The governor shut down most of life as we knew it a couple months back, but by golly, he declared real estate an “essential service.” Humans need shelter, after all. They might not “need” second, third or fourth shelters, as predominate in our real estate market, but I digress.
I am thanking goodness on behalf of a home buyer client. In March, her purchase of an Edgartown home was all over but the shouting and some leftover trifles on the builder’s to-do list when whammo: State of emergency. Shuttered offices. Social distancing. A kibosh on building activity and on the required inspection of the smoke and carbon monoxide detectors by the fire chief. The buyer got pandemic jitters about traveling to the Island, and the lender frowned upon closings by proxy.
Oh, and the closing attorney was in quarantine due to a Covid exposure. At a real estate closing. In his own Vineyard Haven office.
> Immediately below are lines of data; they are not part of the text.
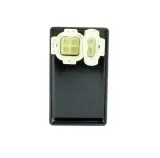 modul-zaplonowy-cdi-kymco-agility-50ccm-stan-nowy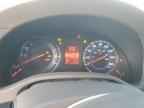 2008 INFINITI G35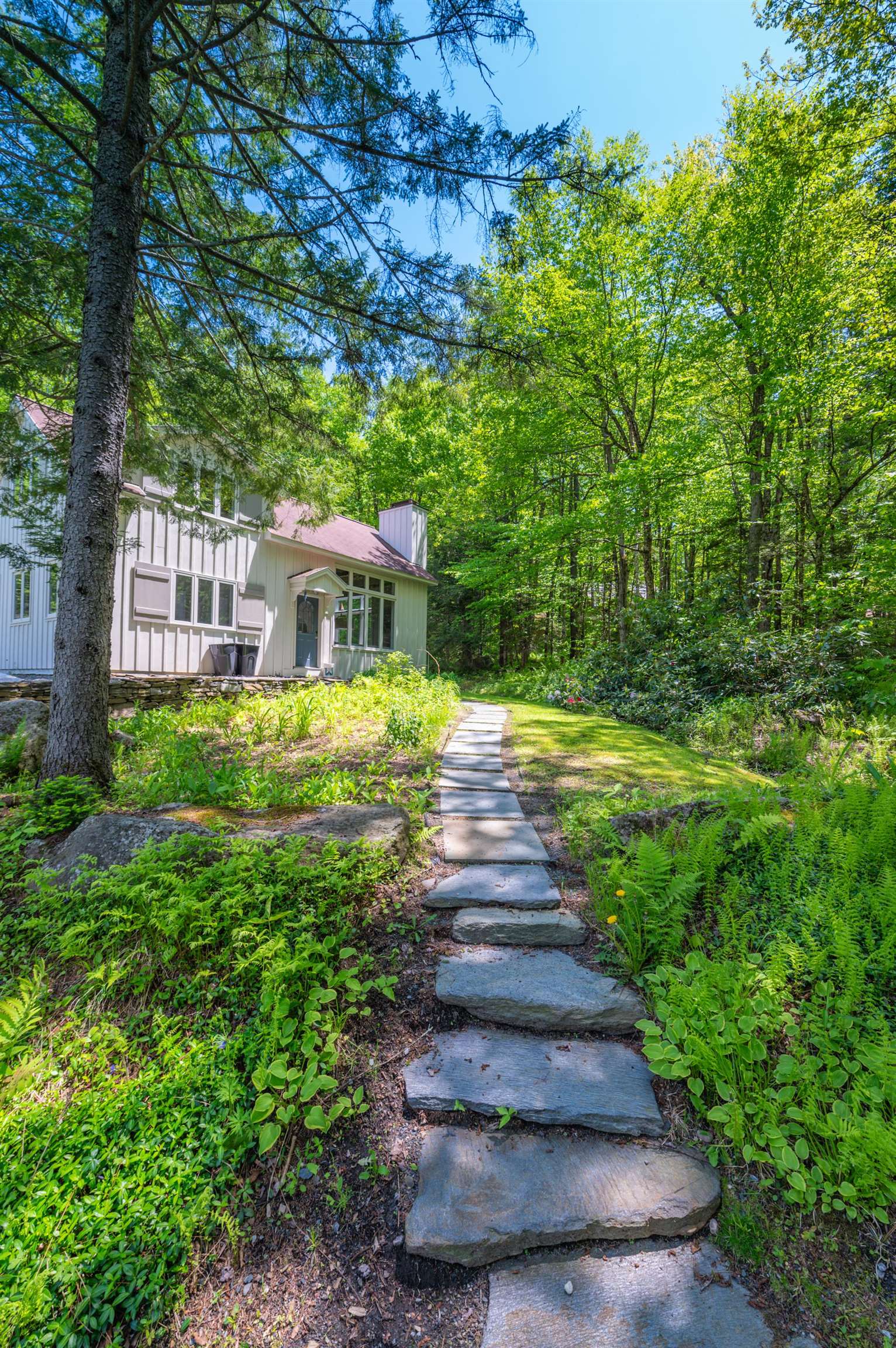 197 Lake Raponda Road Property Photo 30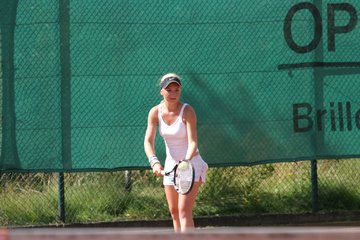 Bild 12 - 8.HSP - 2005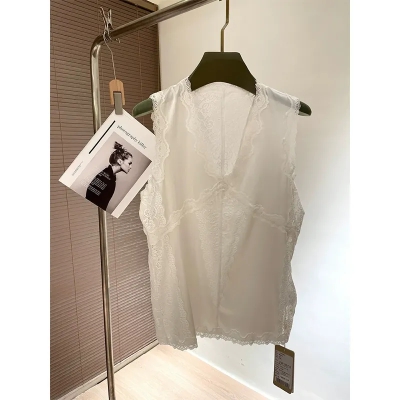 dongguan womenwear factory, dongguan womenwear silk top supplier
The parties agreed to a one-month delay. Just maybe, circumstances would lighten up. They didn’t, save the attorney emerging from quarantine, Covid-free. But hey, real estate was essential. With stunning immediacy, lenders and government offices loosened their officious corsets and enabled the property transfer to go forth. Technology was at the ready. No need for lenders and lawyers and buyers and sellers and brokers to juggle calendars and convene in the same place at the same time. No one had to sprint through traffic to deliver a check to the Land Bank office and the deed to the county courthouse before the Registry office’s closing bell.
FaceTime and I led the buyer on her pre-closing walk through of the property. Signatures and money and deeds sped their way through cyberspace. Emails and text messages imparted updates to the parties in their disparate locations. The transaction was buttoned up neat, sweet and on time.
It was sort of sad.
I spent closing day alone in sweats, in my home office over my garage. Come late afternoon, I refreshed a web screen every few minutes until I saw the deed appear, digital and dry. The deal was official. That was it. There was none of the closing day tingle that often compares to a graduation, more or less. I wore no lipstick or client clothes. I met no starry-eyed buyer in person for the eagle-eyed walk-through. I didn’t gather with seven or eight people around a table, as if at a dinner party, each of us expectant in our own way. There was no summation or signing of paper after paper from a heaping stack. No light, nervous chit chat above it all. No tiny flutter of the heart with the passing of the house keys, often with seller narration: “This one is for the bulkhead; that one is for goodness-knows-what.”
And in the end, no smiles, congratulations, thank-you’s, handshakes, hugs or token gifts. No return to the office to the woot woots of colleagues. Even the rare slugfest of a closing is better experienced in person. You can hand-hold your client. You can throw a little side-eye to the worthy.
Our season of coronavirus has sucked the life out of many a Vineyard livelihood. A restaurateur observes the quiet caverns of his eateries. He may be staying afloat on takeout business, if just barely, but that doesn’t compensate one bit for the missing thrill of the throngs. The laughing, the eating, the hoisting. The slaps on the back. The Island’s artisan shows and flea markets are going online a la Amazon this summer, and my photographer friend wails. She won’t be staging tents in the meadows or a booth at the Grange. There will be no customer friends to greet. No conversations about her latest images, no seeing how tall the kids have grown.
To us service providers, patrons aren’t mere dollar signs. They fill our purses, if we’re lucky. They fill our passions, if we’re luckier. I can’t wait to hug a client again.
Shelley Christiansen is a freelance writer living in Oak Bluffs.